# Hawk threats



## SouthTown Racers (Jan 14, 2009)

I just want everyone out there to know and appreciate the threats we have against our birds. The first is the biggest threat durring tje winter months, when the trees are bare. The coopers hawk is sneaky and cat-like. for our brothers to the north, might be the goshawk. The sharp shinnrd hawk is the smallest of the accipiters, and is too small to take a full grown pigeon. Next threat is the redtail, a very opertunistic feeder. Watch tour birds while trapping. This buteo will dine and dash if he has the chance. Usually we have a chance against redtails, we can see them coming! Next is the falcon which uses speed to catch their prey.
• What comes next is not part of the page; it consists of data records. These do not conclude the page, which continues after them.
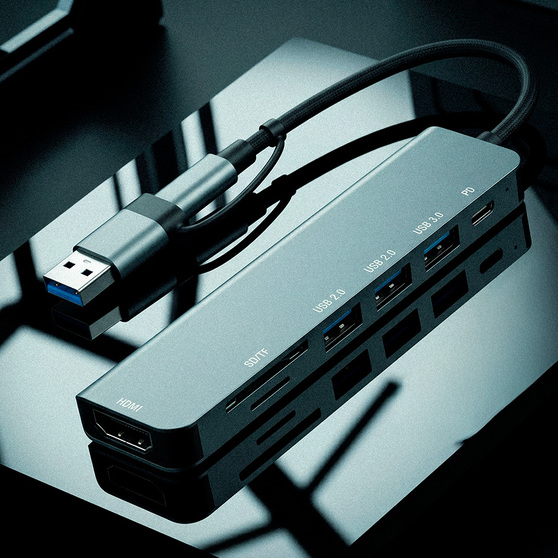USB-хаб STEM 7 в 1, серый, алюминий-3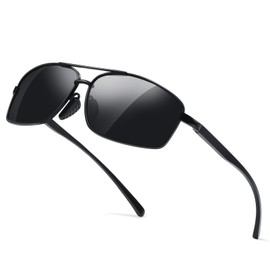 kunchu Sunglasses-Mens-womens Polarised Rectangular Sunglasses-Ladies Lightweight Metal Frame UV400 Protection Retro Sunglasses Sports Sunglasses Travel Sunglasses (black)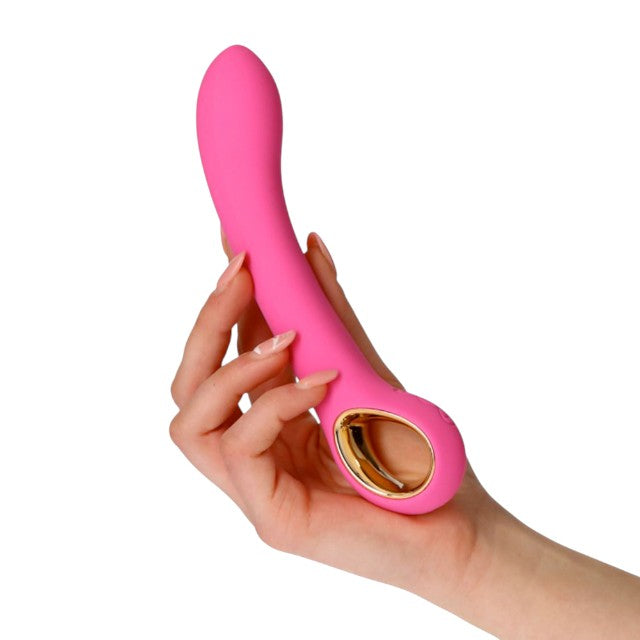 Vibrator TOYZ4LOVERS Handy Line Grip, pentru stimularea punctului G, 10 funcții de vibrație, 18.8 cm, roz cu auriu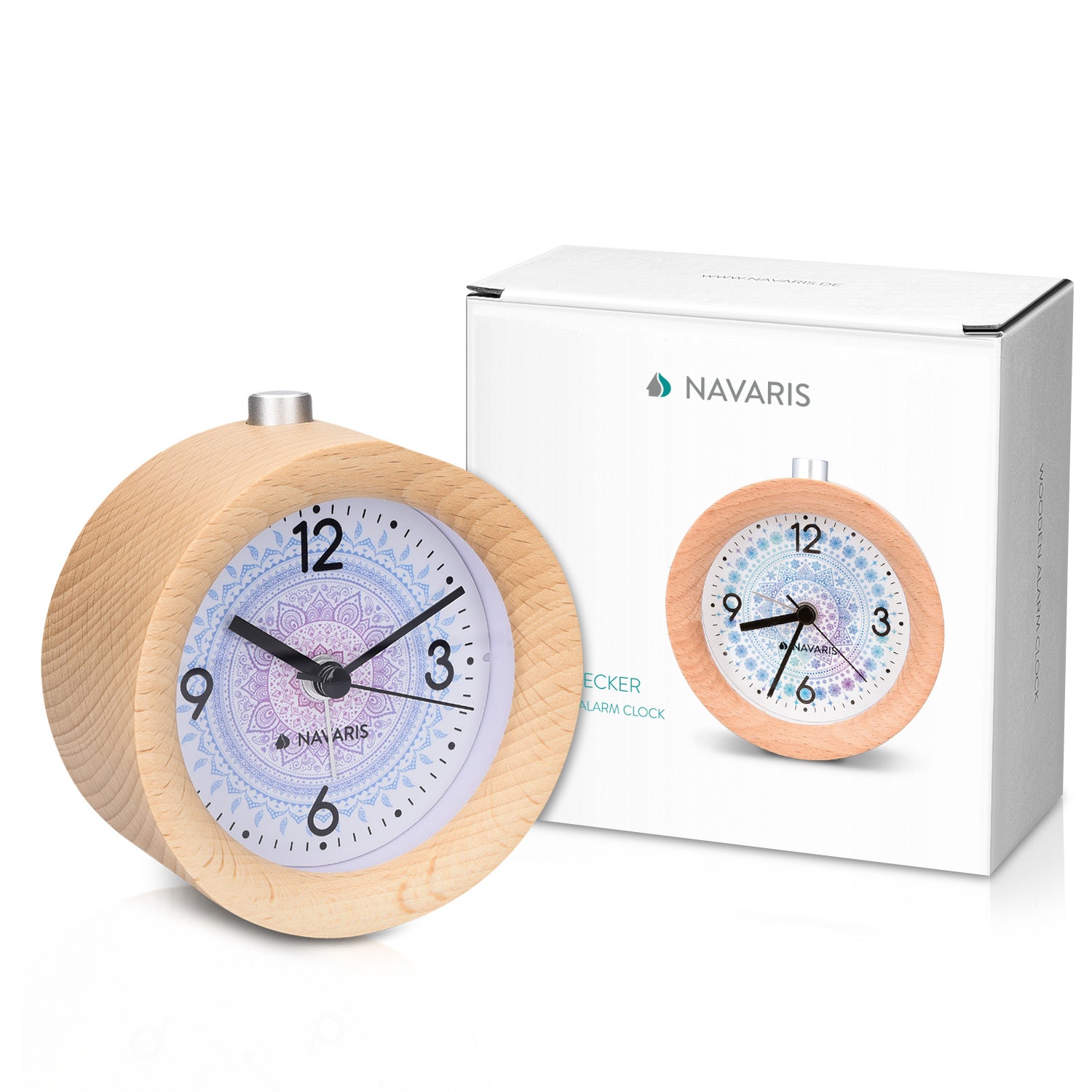 Navaris Analogue Wood Alarm Clock Design Indian Sun - Αναλογικό Επιτραπέζιο Ρολόι και Ξυπνητήρι - Light Brown - 46269.24.01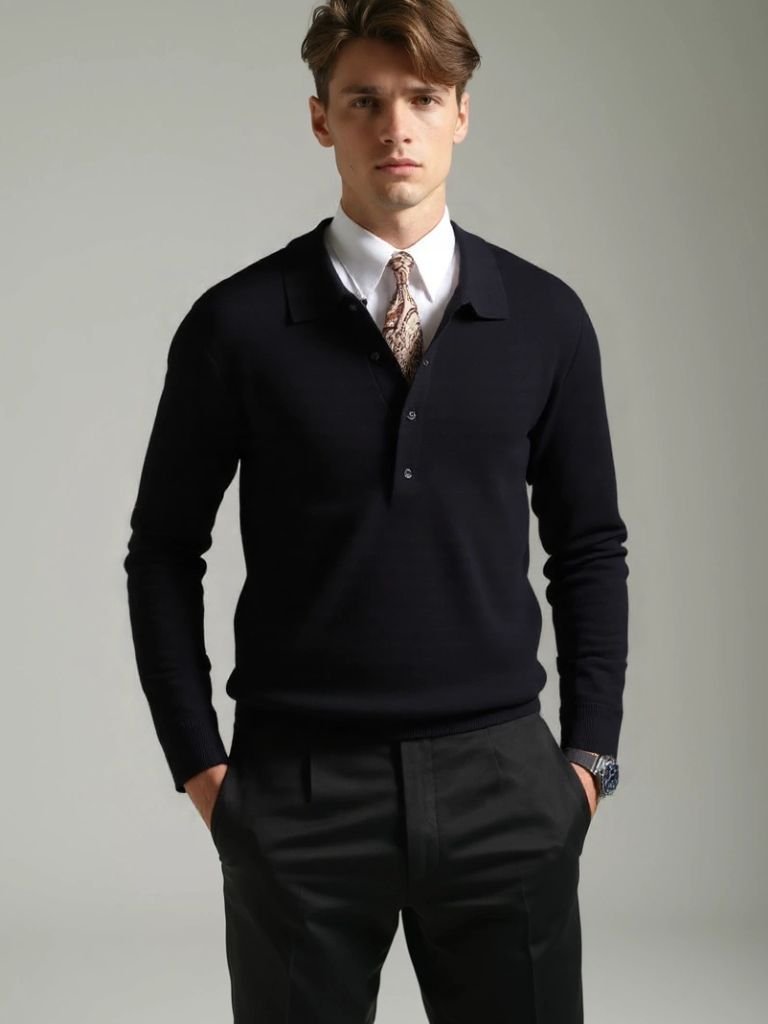 Old Money Knit Polo Sweater - Cross & Crown - Cross & Crown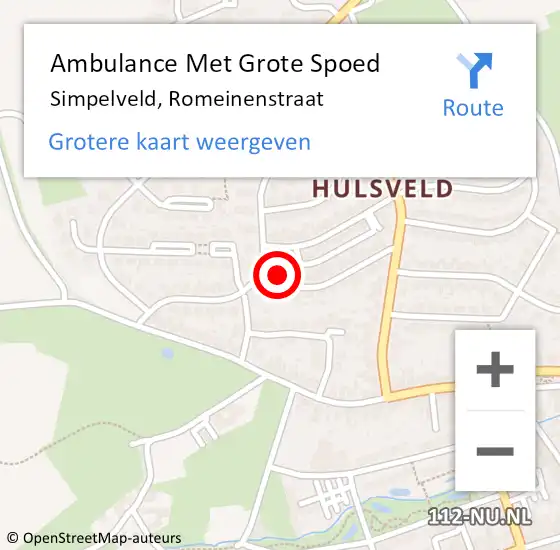 Locatie op kaart van de 112 melding: Ambulance Met Grote Spoed Naar Simpelveld, Romeinenstraat op 22 december 2014 00:25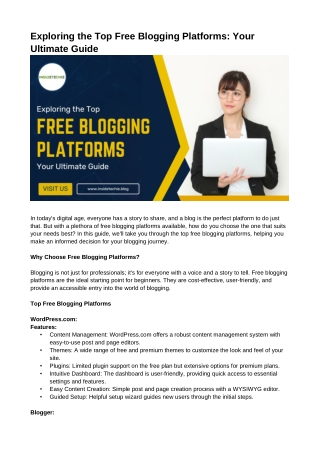 Exploring the Top Free Blogging Platforms: Your Ultimate Guide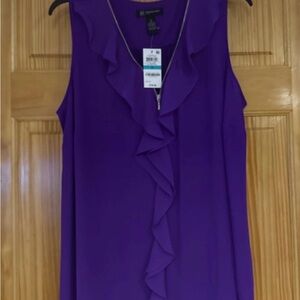 INC International Concepts vivid purple Ruffle Front V-Neck Sleeveless Camisole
A falcons advantage comes only if he is above your flock. Unless you live in the upper northern hemisphere, you dont have to worry about the gyr falcon --- the only bird of prey, able to out fly a racing bird in level flight! These three pictures show the three----


----------



## Kimberly_CA (Jan 5, 2008)

I so wish they didn't eat pigeons, but darn are they beautiful and that last one is sooo cute! great pics!


----------



## SouthTown Racers (Jan 14, 2009)

the first 2 will knock you out! The third will help you out!


----------



## SouthTown Racers (Jan 14, 2009)

maykuhn loft said:


> the first 2 will knock you out! The third will help you out!



View attachment 11571


View attachment 11572


View attachment 11573


----------



## Big T (Mar 25, 2008)

I saw a beautiful sight yesturday morning that pissed me off. I hawk sitting on my trap looking in on my birds. It was like your first picture, is that the cooper? I'm in lock down but it was a beautiful bird.


----------



## Grim (Jul 28, 2007)

A kestrel is no threat to us.


----------



## Guest (Feb 6, 2009)

Big T said:


> I saw a beautiful sight yesturday morning that pissed me off. I hawk sitting on my trap looking in on my birds. It was like your first picture, is that the cooper? I'm in lock down but it was a beautiful bird.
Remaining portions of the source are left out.